## ASSIGNED TASK
Would you give the listing back word for word once its pictures are removed?

## DATA RECORDS
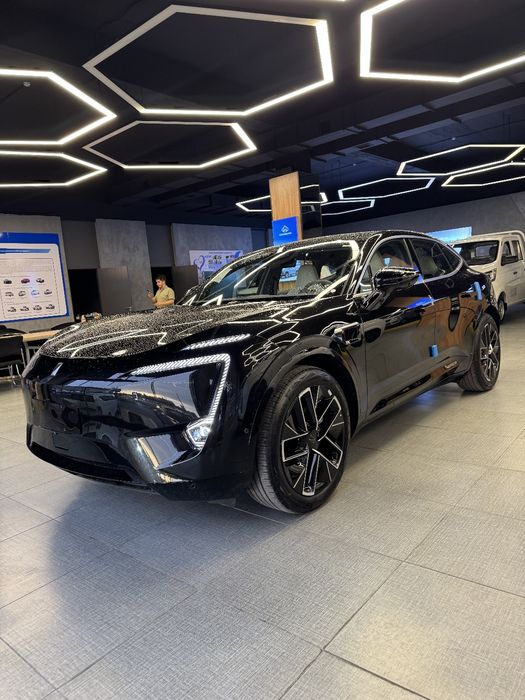 Avatr 11 elektr sotuvda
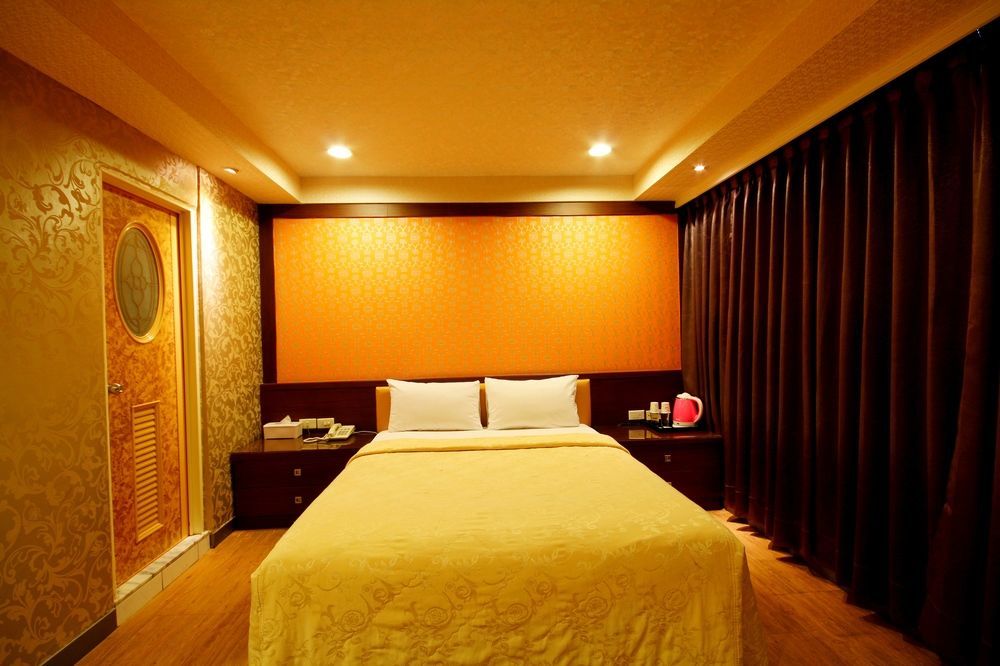 Golden Home Hotel Taipei Esterno foto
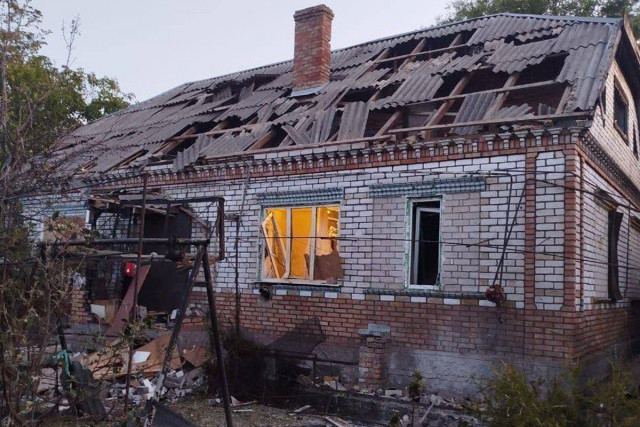 Росіяни нічними обстрілами пошкодили школу та церкву на Нікопольщині Росіяни нічними обстрілами пошкодили школу та церкву на Нікопольщині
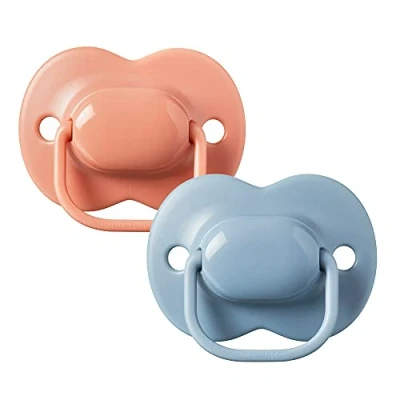 Image of Tommee Tippee Cherry latex Dummies, 6 18 months, pack of 2 Dummies with 100% natural baglet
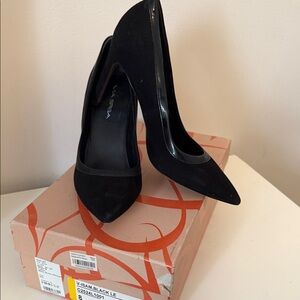 Via Spiga Classic Black Heels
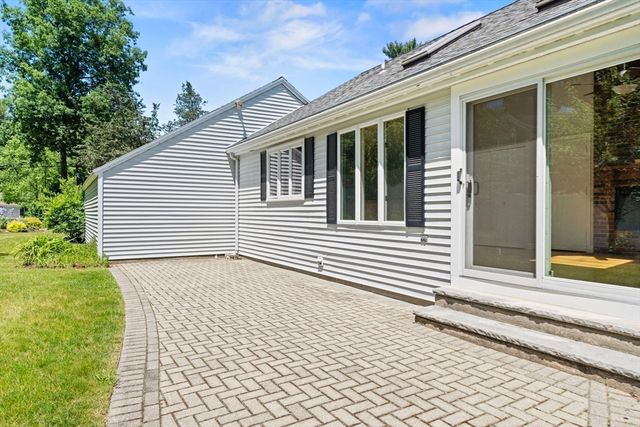 7 Eastway, Reading, MA 01867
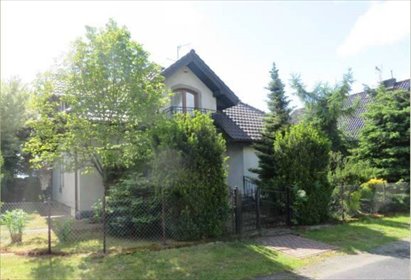 Dom z garażem 193 m² w Stęszewie, pełne media, rok 2006 dom Stęszew, Łyżwiarska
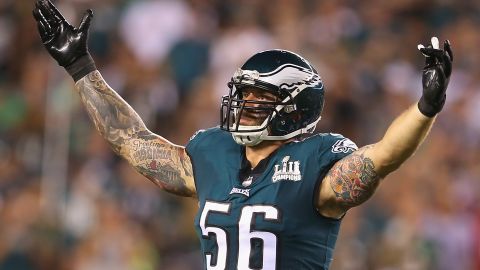 Chris Long of the Philadelphia Eagles pumps up the home crowd in the first half against the Atlanta Falcons on September 6, 2018.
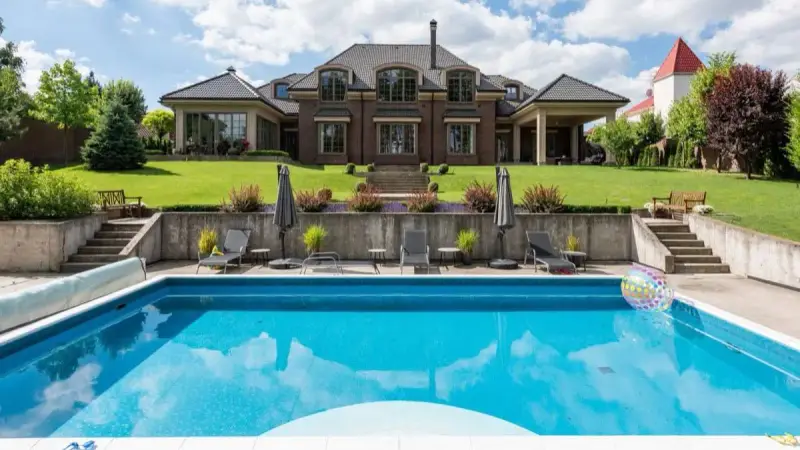 pool in New Orleans, LA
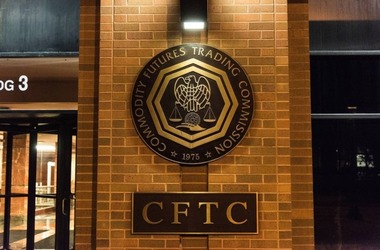 CFTC Commissioner Suggests Self-regulatory Body For Crypto Market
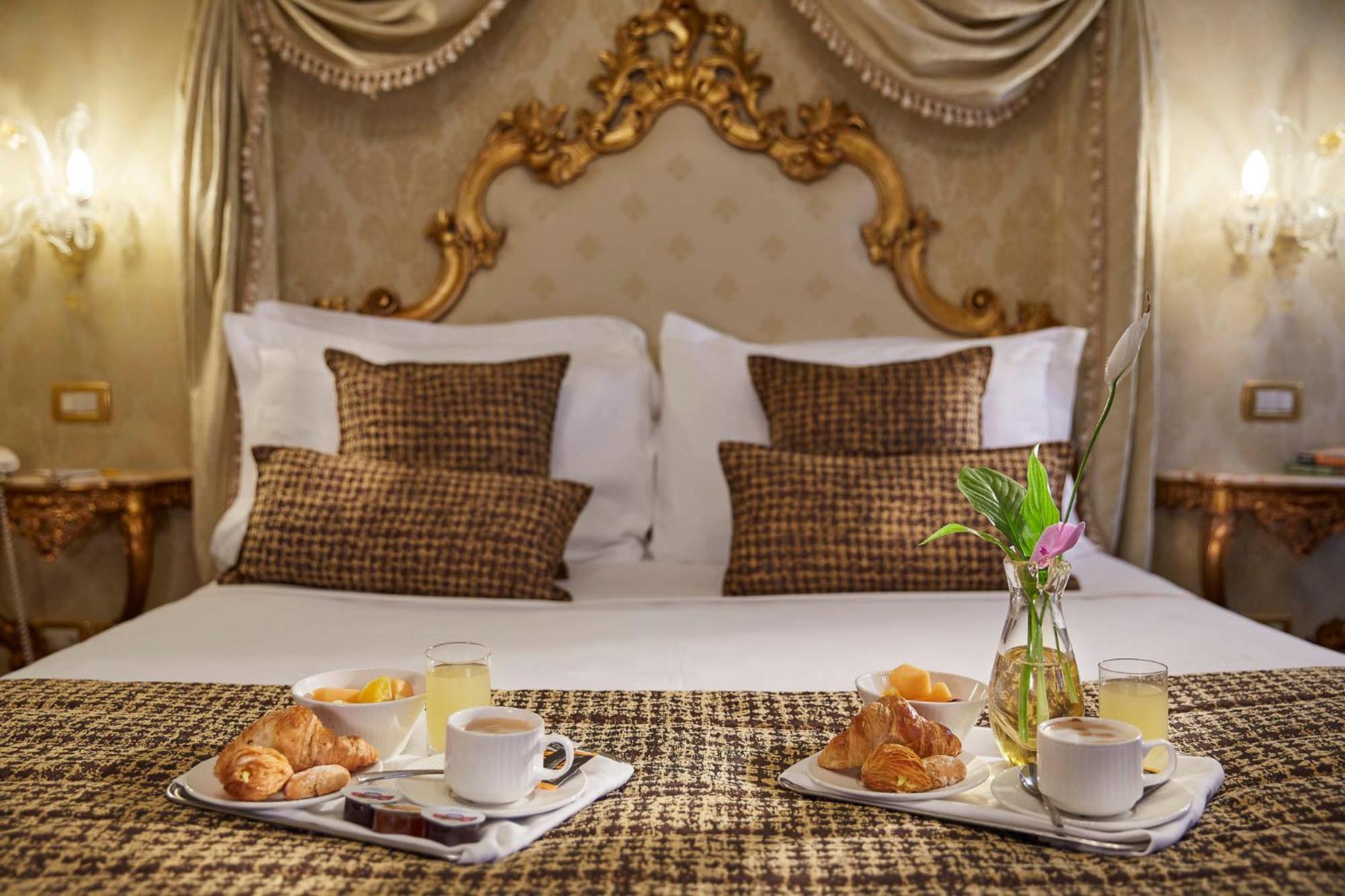 Superior Double or Twin Room photo 3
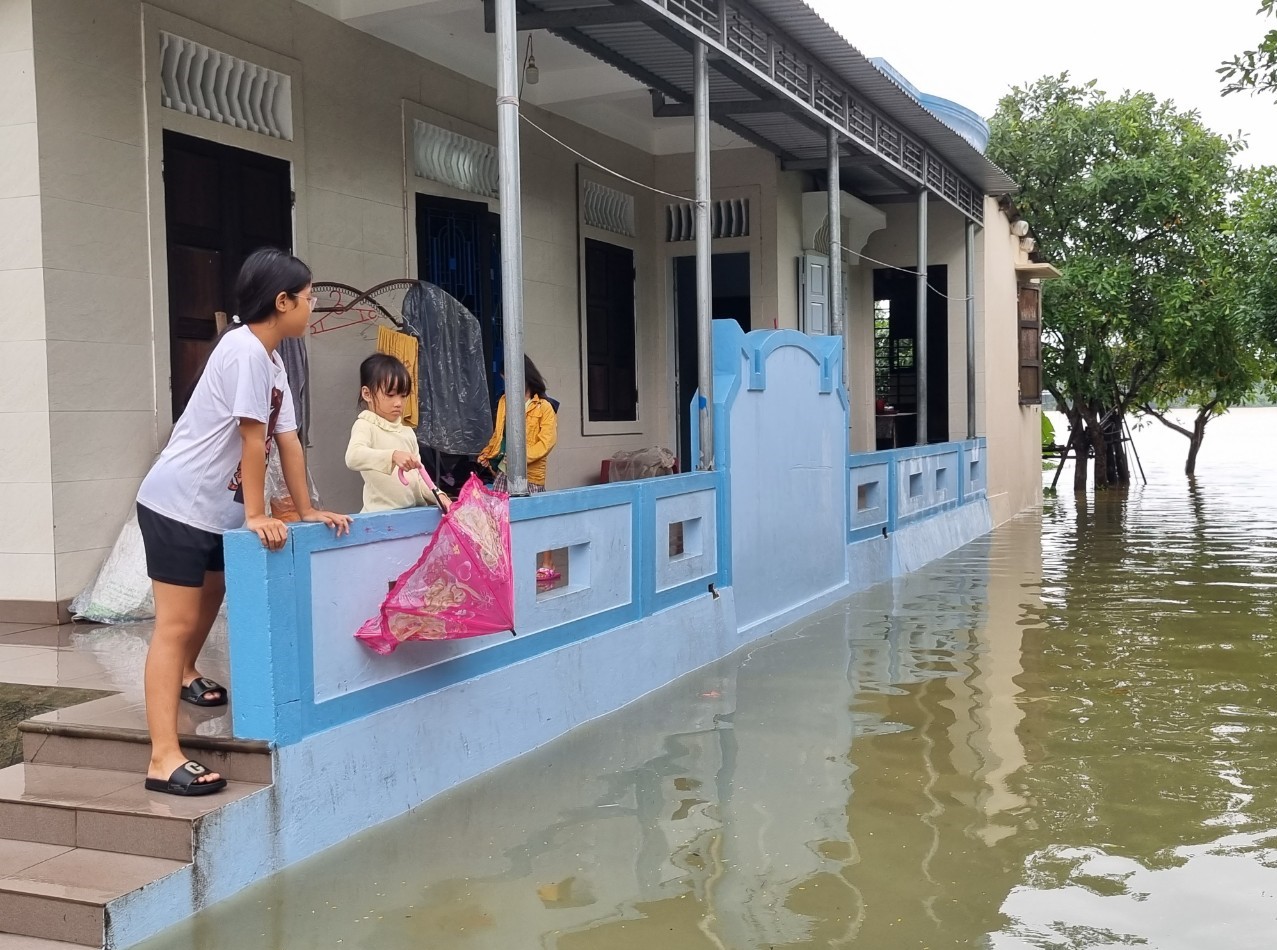 Mưa lớn cùng với việc các hồ thuỷ điện, thuỷ lợi điều tiết nước lũ đã gây ngập úng nhiều nơi ở Thừa Thiên Huế. 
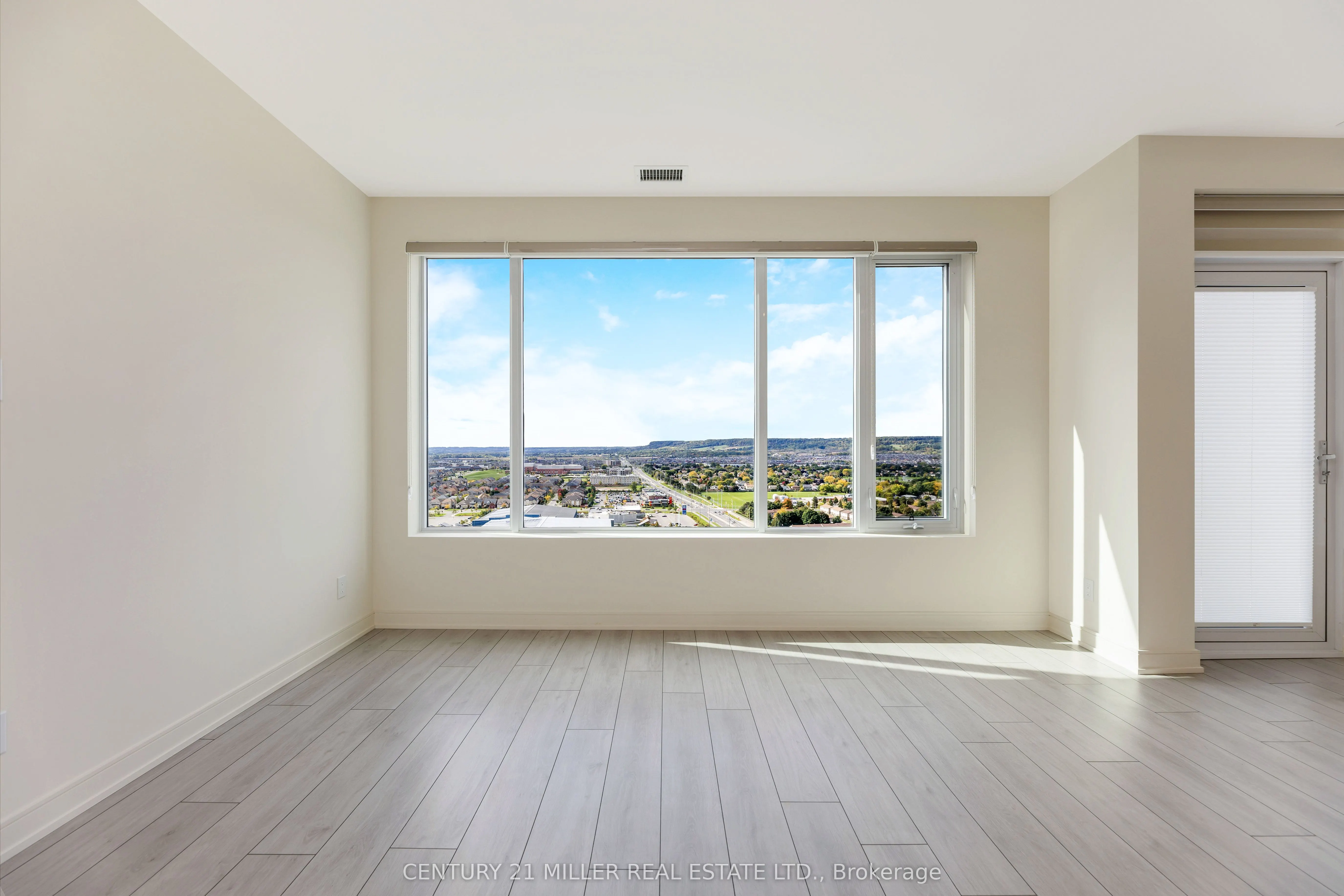 8010 Derry Road, #2004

## EXERCISE SOLUTION
 Avatr 11 elektr sotuvda
 Golden Home Hotel Taipei Esterno foto
 Росіяни нічними обстрілами пошкодили школу та церкву на Нікопольщині Росіяни нічними обстрілами пошкодили школу та церкву на Нікопольщині
 Image of Tommee Tippee Cherry latex Dummies, 6 18 months, pack of 2 Dummies with 100% natural baglet
 Via Spiga Classic Black Heels
 7 Eastway, Reading, MA 01867
 Dom z garażem 193 m² w Stęszewie, pełne media, rok 2006 dom Stęszew, Łyżwiarska
 Chris Long of the Philadelphia Eagles pumps up the home crowd in the first half against the Atlanta Falcons on September 6, 2018.
 pool in New Orleans, LA
 CFTC Commissioner Suggests Self-regulatory Body For Crypto Market
 Superior Double or Twin Room photo 3
 Mưa lớn cùng với việc các hồ thuỷ điện, thuỷ lợi điều tiết nước lũ đã gây ngập úng nhiều nơi ở Thừa Thiên Huế. 
 8010 Derry Road, #2004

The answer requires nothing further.